Once a user purchases a pack of Moments, the Moments are transferred to that user’s encrypted wallet within the Top Shot network, where they can be showcased to other users or resold on the P2P marketplace. Top Shot makes a profit from pack sales, and also collects a 5% fee for each P2P exchange. These revenues are divided among the NBA, Dapper Labs, the National Basketball Players Association (NBPA), and outside investors (although the exact proportions of this fund distribution have not been disclosed).
As a result, Top Shot stakeholders — from the blockchain developers minting new Moments to the players featured in the highlights — have a vested interest in ensuring the success of the whole ecosystem, including P2P trades. By operating within a digital system with instantaneous trades, these stakeholders are able to eliminate packaging and shipping costs and avoid third-party authenticators and auctioneers, improving profit margins across the board.
Is there a catch?
While Top Shot users have clearly demonstrated that many fans are willing to purchase a tokenised asset that represents a specific NBA highlight, other fans may still be unclear about what exactly they would be spending their money on.
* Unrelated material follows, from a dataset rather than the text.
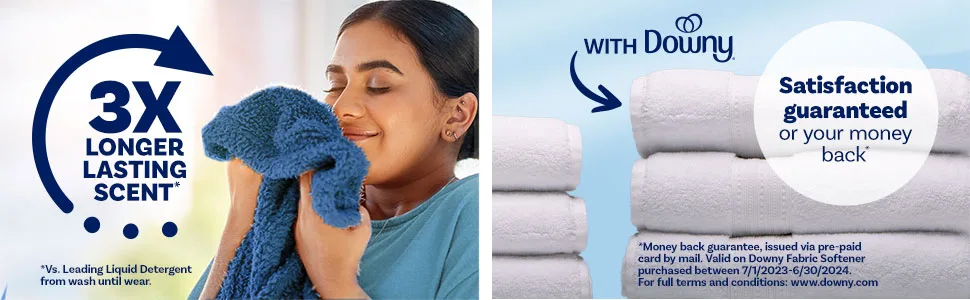 Downy Fabric Softener Liquid Clean Breeze Scent 44 fl oz 60 Loads - 3x longer lasting scent, Satisfaction guaranteed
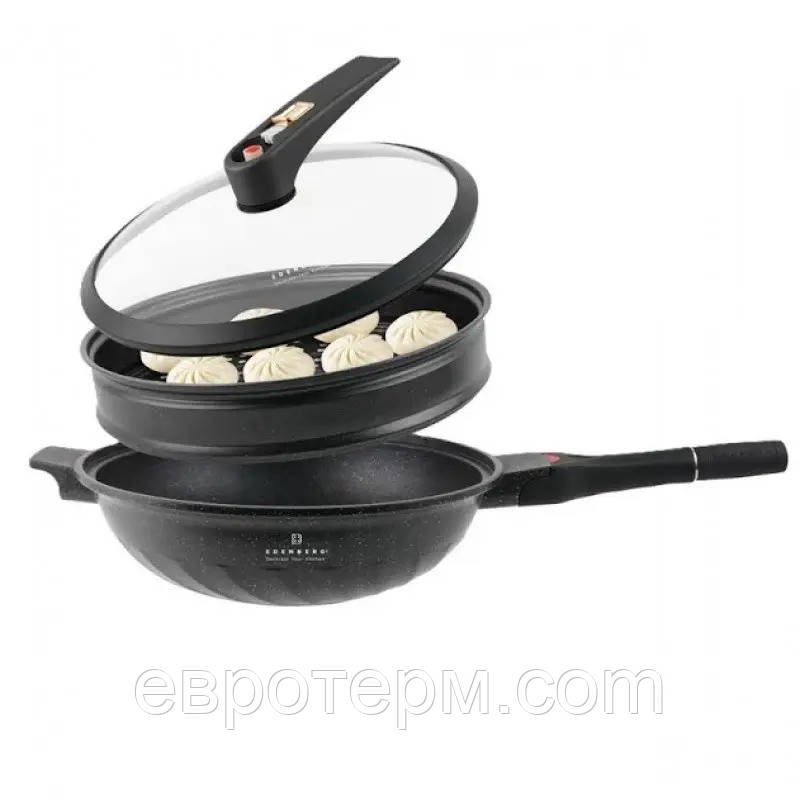 Сковорода 3 в 1 Edenberg EB-12112 32 см вок, сотейник, пароварка, індукційне дно, мармурове покриття, фото 1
The NBA still owns the highlight footage used in every Moment, and the organisation’s media partners are still allowed to broadcast the video clips that are sold as Moments.
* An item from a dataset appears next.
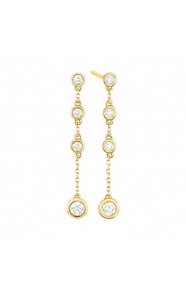 Pendientes Largos de oro amarillo de 18 Kt con diamantes de 0,35 ct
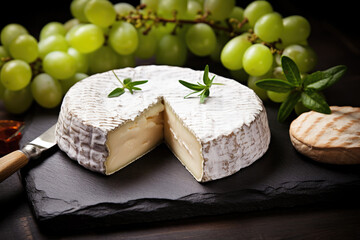 Fototapeta na wymiar Tasty blue cheese ,Dorblu cheese pieces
Furthermore, if a user violates the terms of service, Top Shot can suspend or delete that user’s account and Moments from the platform without advance notice. In other words, while the track record of each Moment is practically tamper-proof — even for the NBA or Dapper Labs — the Top Shot team has the ability to destroy Moments if it deems the terms of service to be violated. In these respects, buying a Top Shot Moment is significantly different from buying a physical trading card, or even from buying bitcoin, and is more analogous to purchasing a software license (which could similarly be revoked if terms of service are violated). Overall, it’s important to note that Top Shot was designed as a blockchain-enabled business with a relatively high degree of centralisation — especially when compared to well-known blockchain protocols such as Bitcoin.
Top Shot has also been criticised for the way the platform handles withdrawals. While the platform has generated hundreds of millions of dollars’ worth of sales, as of March 2021, only $18.7M had been withdrawn from Top Shot. This may indicate users’ willingness to keep their assets on the platform to some degree, but it can still take 30 days to get approved for withdrawals, and over a week for each withdrawal to be finalised once approved (as of 2021). According to the Top Shot team, this delay is due to the fact that the platform allows users to make payments using a range of both fiat currencies and digital assets. As a result, all withdrawal requests are subject to heavy compliance checks in order to mitigate the risk of money laundering, fraud, or other forms of nefarious activity. That being said, Top Shot is aware of concerns regarding its withdrawal process and plans to alleviate the issue by implementing an automated clearing house (ACH) for withdrawals to US banks.